The entries that follow should be reproduced exactly, with no images carried over.

Captioned web images:
• • • •

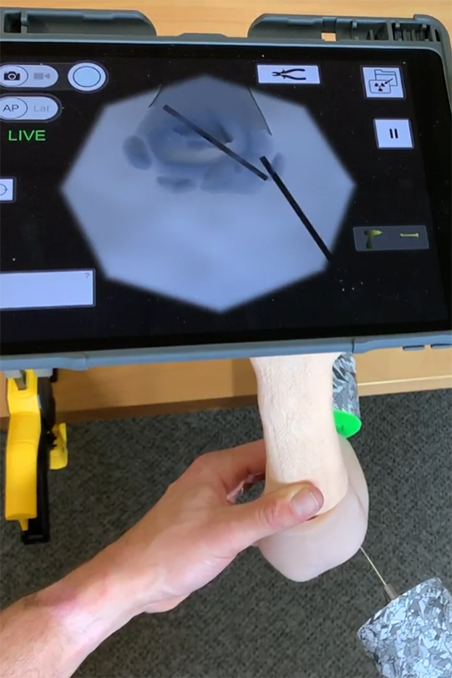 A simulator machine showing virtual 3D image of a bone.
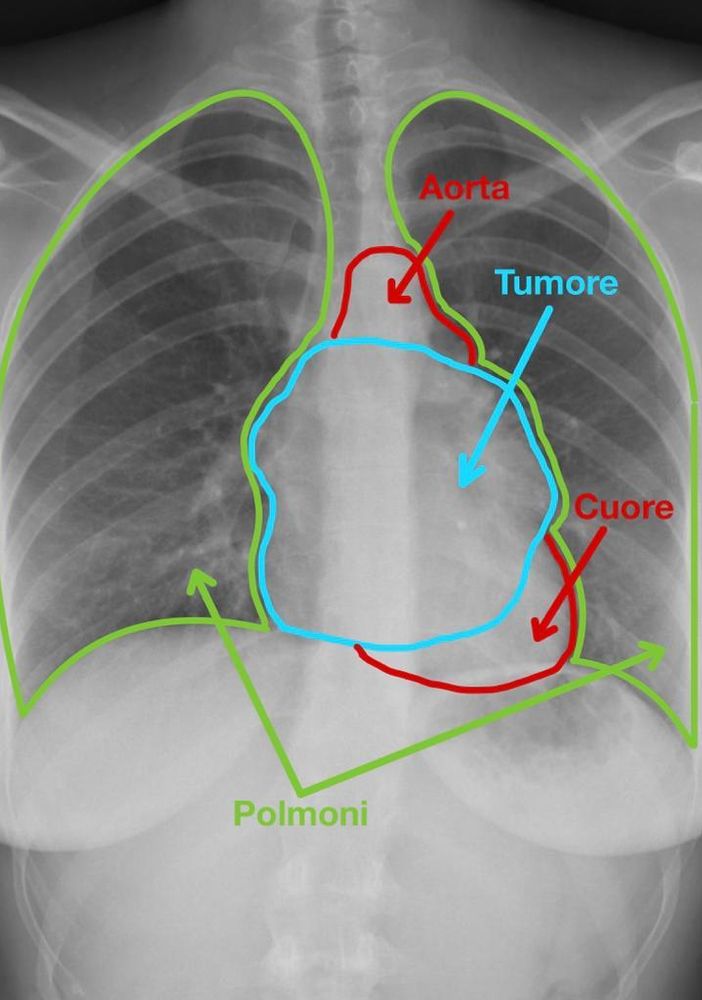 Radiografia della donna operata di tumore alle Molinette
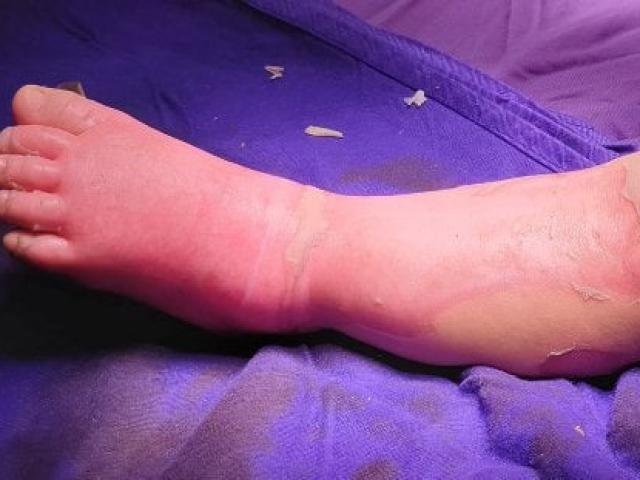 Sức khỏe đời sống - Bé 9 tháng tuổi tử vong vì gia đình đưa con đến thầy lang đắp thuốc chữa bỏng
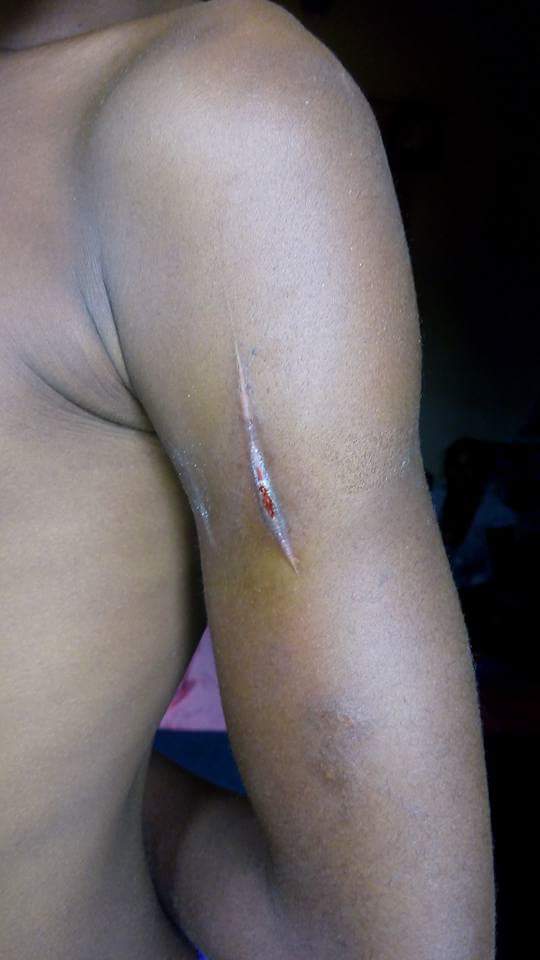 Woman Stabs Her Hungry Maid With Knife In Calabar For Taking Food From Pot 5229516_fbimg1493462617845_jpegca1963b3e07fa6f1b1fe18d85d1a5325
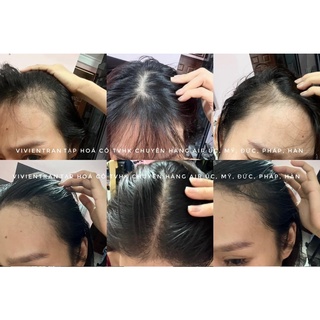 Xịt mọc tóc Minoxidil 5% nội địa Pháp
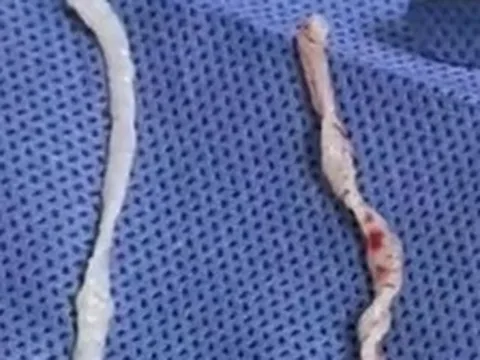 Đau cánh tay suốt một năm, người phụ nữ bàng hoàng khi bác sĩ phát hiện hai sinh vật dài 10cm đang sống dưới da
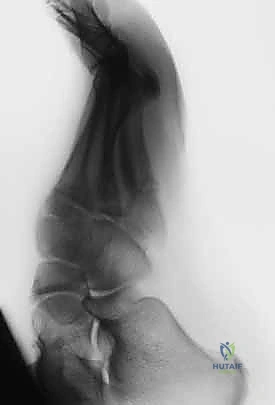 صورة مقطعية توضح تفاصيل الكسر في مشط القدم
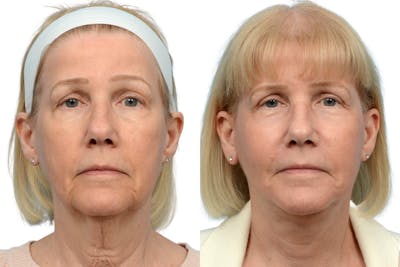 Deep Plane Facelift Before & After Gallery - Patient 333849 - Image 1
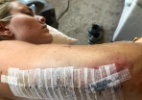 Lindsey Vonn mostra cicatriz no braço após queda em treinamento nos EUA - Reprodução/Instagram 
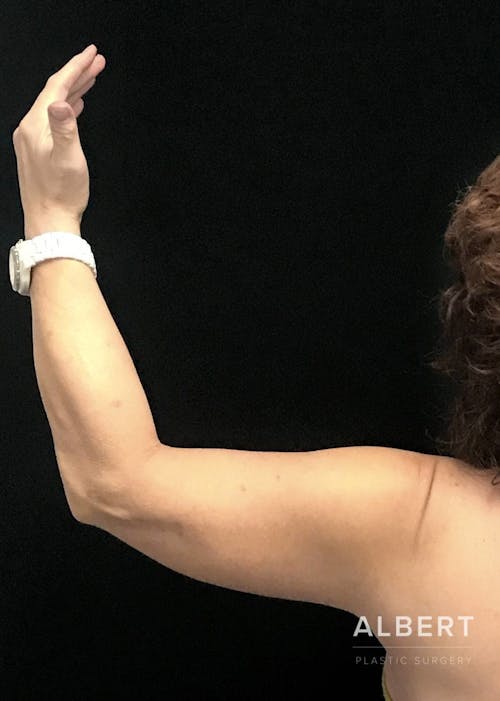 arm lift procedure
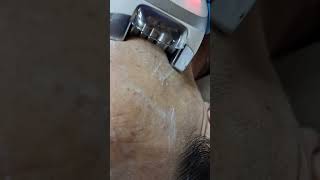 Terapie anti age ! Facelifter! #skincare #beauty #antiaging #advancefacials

• • • •

RESPONSE AREA
 A simulator machine showing virtual 3D image of a bone.
 Radiografia della donna operata di tumore alle Molinette
 Sức khỏe đời sống - Bé 9 tháng tuổi tử vong vì gia đình đưa con đến thầy lang đắp thuốc chữa bỏng
 Woman Stabs Her Hungry Maid With Knife In Calabar For Taking Food From Pot 5229516_fbimg1493462617845_jpegca1963b3e07fa6f1b1fe18d85d1a5325
 Xịt mọc tóc Minoxidil 5% nội địa Pháp
 Đau cánh tay suốt một năm, người phụ nữ bàng hoàng khi bác sĩ phát hiện hai sinh vật dài 10cm đang sống dưới da
 صورة مقطعية توضح تفاصيل الكسر في مشط القدم
 Deep Plane Facelift Before & After Gallery - Patient 333849 - Image 1
 Lindsey Vonn mostra cicatriz no braço após queda em treinamento nos EUA - Reprodução/Instagram 
 arm lift procedure
 Terapie anti age ! Facelifter! #skincare #beauty #antiaging #advancefacials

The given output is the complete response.